Di tahun 2011, Salim tidak kapok,
lalu dia mengulangi lagi perilaku bejatnya untuk kedua kalinya terhadap anaknya
kandungnya tadi dan berujung pada kehamilan lagi. Pada kehamilan kedua ini
berbeda, anaknya tersebut melaporkan kasus ini kepada ibunya,
alhasil Salim harus mempertanggungjawabkan semua perbuatannya di hadapan
keluarga dan hukum. Berdasarkan UU yang berlaku Salim harus dipenjara
selama 15 tahun.
Untuk kasus yang kedua yaitu Alex.
Dia seorang ayah yang berumur 40 tahun dan anaknya Mawar, 15 tahun yang
menjadi korban kekerasannya. Mereka warga Papusungan, Kecamatan Lembeh Selatan,
Bitung.
Aksi bejat Alex telah dimulai sejak
Juli 2010. Dia telah melakukan pemerkosaan terhadap anak kandungnya
sendiri sebut saja Mawar hingga sebanyak sepuluh kali. Hal ini juga berujung
pada kehamilan . Namun berbeda dengan kasus sebelumnya Mawar hanya hamil satu
kali hingga akhirnya dia melaporkan ayahnya kepada polisi.

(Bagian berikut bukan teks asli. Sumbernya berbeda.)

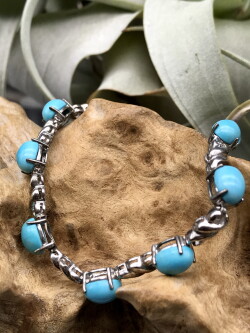 アリゾナ産ターコイズ・ブレスレット（シルバーチェーン） TUR020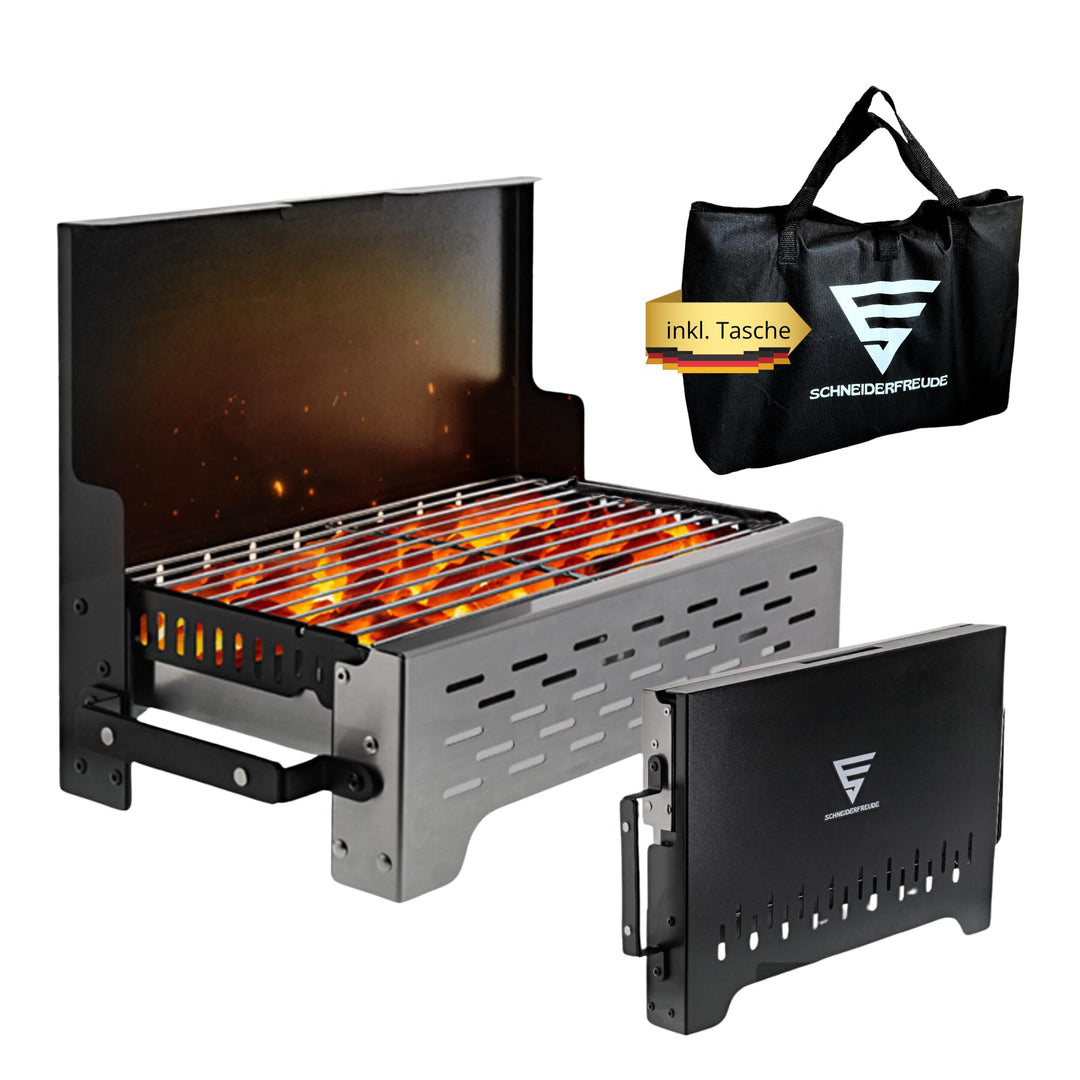 SCHNEIDERFREUDE Premium Camping-Grill: Der Klappgrill mit Tasche für echte Grillfans - Designed und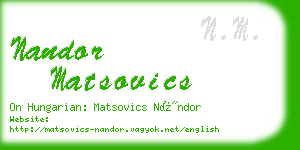 nandor matsovics business card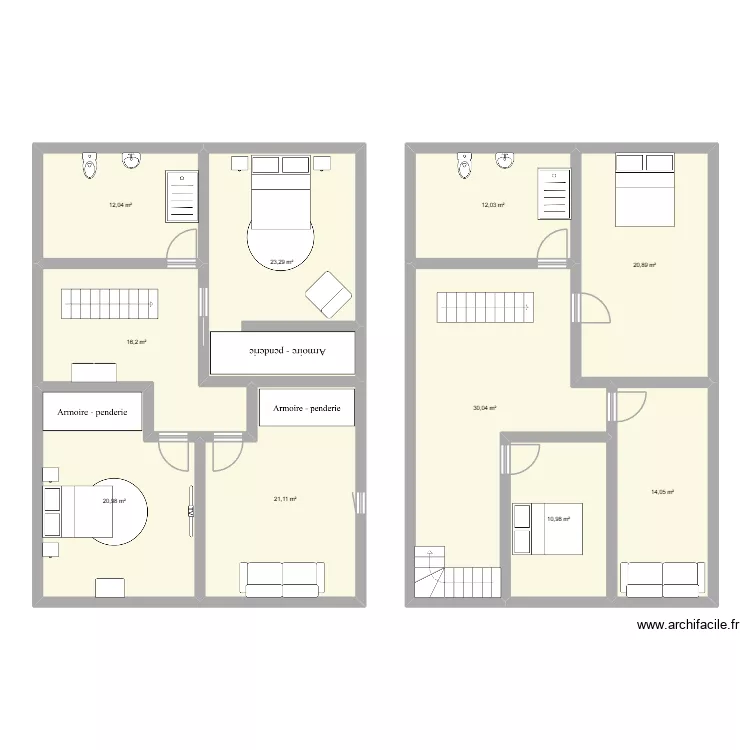 Id&eacute;e 1. Plan de 10  et 182 m²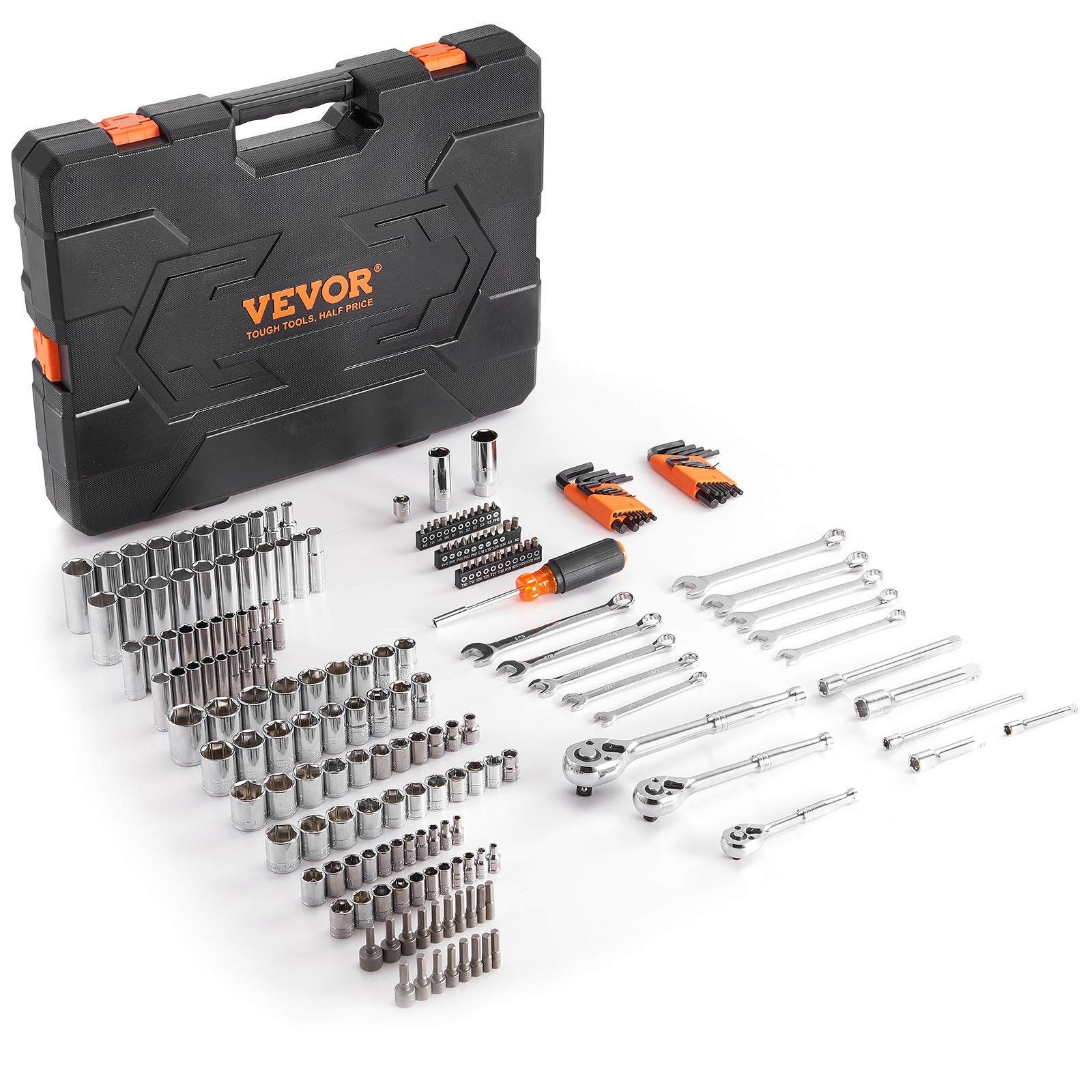 VEVOR Mechanics Tool Set And Socket Set, Drive Deep And Standard Sockets, 205pc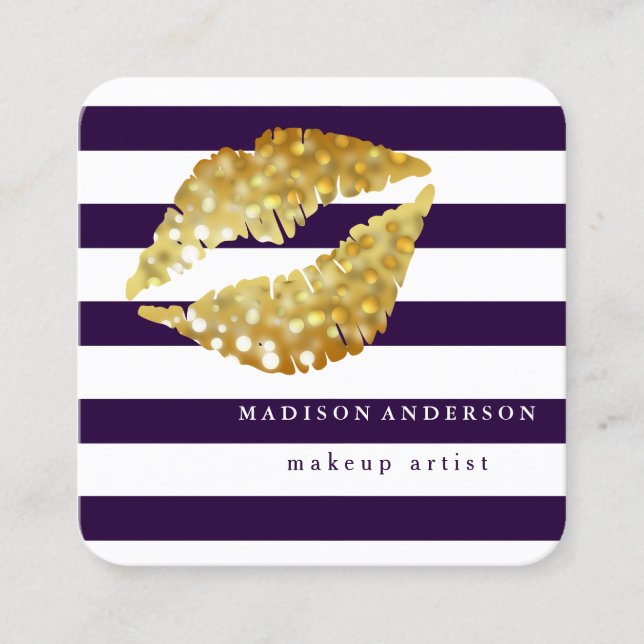 Navy Blue & White Chic Gold Lips - Makeup Artist Square Business Card (Front)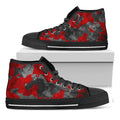 Black And Red Camouflage Print Black High Top Sneakers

Pada saat itu, Alex memaksa anaknya
Mawar untuk melakukan hubungan layaknya orang dewasa. Saat itu Mawar yang tidak
mau melayani nafsu bejat ayahnya sempat memohon untuk tidak melakukan hal
tersebut karena ia masih ingin bersekolah. Namun Alex tetap meneruskan aksinya
dengan memukul-mukul paha anaknya untuk melanjutkan aksi bejatnya tersebut.
Dari 2 contoh kasus KDRT di atas,
kita bisa amati bahwa kekerasan dalam rumah tangga kebanyakan memang dialami
oleh para kaum perempuan baik itu anak-anak maupun dewasa. Perempuan sering
menjadi sasaran empuk para kaum adam untuk melancarkan nafsunya yang tidak
terkontrol.
Memang, latar belakang munculnya
propaganda Isu KDRT seperti kasus di atas sebenarnya tidak lepas dari motif
kesetaraan gender yang selama ini dipropagandakan oleh kaum feminis. Namun
apakah benar hal tersebut hanya disebabkan oleh gender?
Kaum feminis tentu mempunyai alasan
kenapa hal ini dapat dikaitkan dengan gender. Berdasarkan realita yang ada,
kebanyakan korban KDRT selama ini adalah kaum perempuan dan yang menjadi pelaku
alias yang berkuasa disini adalah laki-laki.